> _INSTRUCTIONS FOR THE TASK_: Go through the lines below. Copy those with "night".

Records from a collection
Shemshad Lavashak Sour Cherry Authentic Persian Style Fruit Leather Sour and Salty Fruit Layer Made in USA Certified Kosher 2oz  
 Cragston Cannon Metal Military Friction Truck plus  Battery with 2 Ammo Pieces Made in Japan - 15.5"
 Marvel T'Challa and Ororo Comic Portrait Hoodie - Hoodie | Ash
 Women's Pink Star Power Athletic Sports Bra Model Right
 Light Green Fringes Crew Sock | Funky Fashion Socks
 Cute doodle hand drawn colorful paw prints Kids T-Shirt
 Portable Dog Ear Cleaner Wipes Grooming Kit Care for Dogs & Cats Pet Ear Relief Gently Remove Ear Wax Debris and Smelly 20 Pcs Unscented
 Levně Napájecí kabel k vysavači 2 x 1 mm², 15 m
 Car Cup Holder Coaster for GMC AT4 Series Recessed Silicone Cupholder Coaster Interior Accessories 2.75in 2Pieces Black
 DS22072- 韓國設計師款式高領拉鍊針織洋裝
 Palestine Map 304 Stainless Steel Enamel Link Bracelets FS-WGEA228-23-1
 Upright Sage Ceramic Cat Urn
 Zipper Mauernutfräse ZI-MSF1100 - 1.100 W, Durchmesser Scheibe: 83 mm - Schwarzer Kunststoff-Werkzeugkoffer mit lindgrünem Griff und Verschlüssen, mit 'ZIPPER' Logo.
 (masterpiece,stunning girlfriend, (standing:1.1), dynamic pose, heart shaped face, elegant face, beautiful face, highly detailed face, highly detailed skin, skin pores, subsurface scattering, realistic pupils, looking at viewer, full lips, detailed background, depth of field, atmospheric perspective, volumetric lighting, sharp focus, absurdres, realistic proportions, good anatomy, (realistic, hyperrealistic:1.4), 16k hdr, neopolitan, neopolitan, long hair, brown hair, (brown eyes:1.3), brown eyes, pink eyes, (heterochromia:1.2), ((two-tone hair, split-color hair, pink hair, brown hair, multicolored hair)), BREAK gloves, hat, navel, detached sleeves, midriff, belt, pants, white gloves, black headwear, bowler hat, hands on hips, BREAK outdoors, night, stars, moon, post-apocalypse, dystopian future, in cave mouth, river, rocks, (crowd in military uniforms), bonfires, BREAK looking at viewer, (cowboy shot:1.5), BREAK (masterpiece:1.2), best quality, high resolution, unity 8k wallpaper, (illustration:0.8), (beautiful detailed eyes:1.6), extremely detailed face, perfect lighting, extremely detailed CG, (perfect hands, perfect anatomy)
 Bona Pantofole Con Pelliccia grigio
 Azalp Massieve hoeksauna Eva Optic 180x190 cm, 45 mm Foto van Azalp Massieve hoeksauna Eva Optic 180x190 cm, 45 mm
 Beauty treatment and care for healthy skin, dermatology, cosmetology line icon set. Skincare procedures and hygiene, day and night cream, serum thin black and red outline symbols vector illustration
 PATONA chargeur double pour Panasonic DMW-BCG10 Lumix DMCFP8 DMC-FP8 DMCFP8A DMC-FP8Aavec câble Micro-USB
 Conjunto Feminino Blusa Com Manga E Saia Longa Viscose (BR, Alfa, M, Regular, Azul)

> _ANSWER TO THE PROBLEM_:
 (masterpiece,stunning girlfriend, (standing:1.1), dynamic pose, heart shaped face, elegant face, beautiful face, highly detailed face, highly detailed skin, skin pores, subsurface scattering, realistic pupils, looking at viewer, full lips, detailed background, depth of field, atmospheric perspective, volumetric lighting, sharp focus, absurdres, realistic proportions, good anatomy, (realistic, hyperrealistic:1.4), 16k hdr, neopolitan, neopolitan, long hair, brown hair, (brown eyes:1.3), brown eyes, pink eyes, (heterochromia:1.2), ((two-tone hair, split-color hair, pink hair, brown hair, multicolored hair)), BREAK gloves, hat, navel, detached sleeves, midriff, belt, pants, white gloves, black headwear, bowler hat, hands on hips, BREAK outdoors, night, stars, moon, post-apocalypse, dystopian future, in cave mouth, river, rocks, (crowd in military uniforms), bonfires, BREAK looking at viewer, (cowboy shot:1.5), BREAK (masterpiece:1.2), best quality, high resolution, unity 8k wallpaper, (illustration:0.8), (beautiful detailed eyes:1.6), extremely detailed face, perfect lighting, extremely detailed CG, (perfect hands, perfect anatomy)
 Beauty treatment and care for healthy skin, dermatology, cosmetology line icon set. Skincare procedures and hygiene, day and night cream, serum thin black and red outline symbols vector illustration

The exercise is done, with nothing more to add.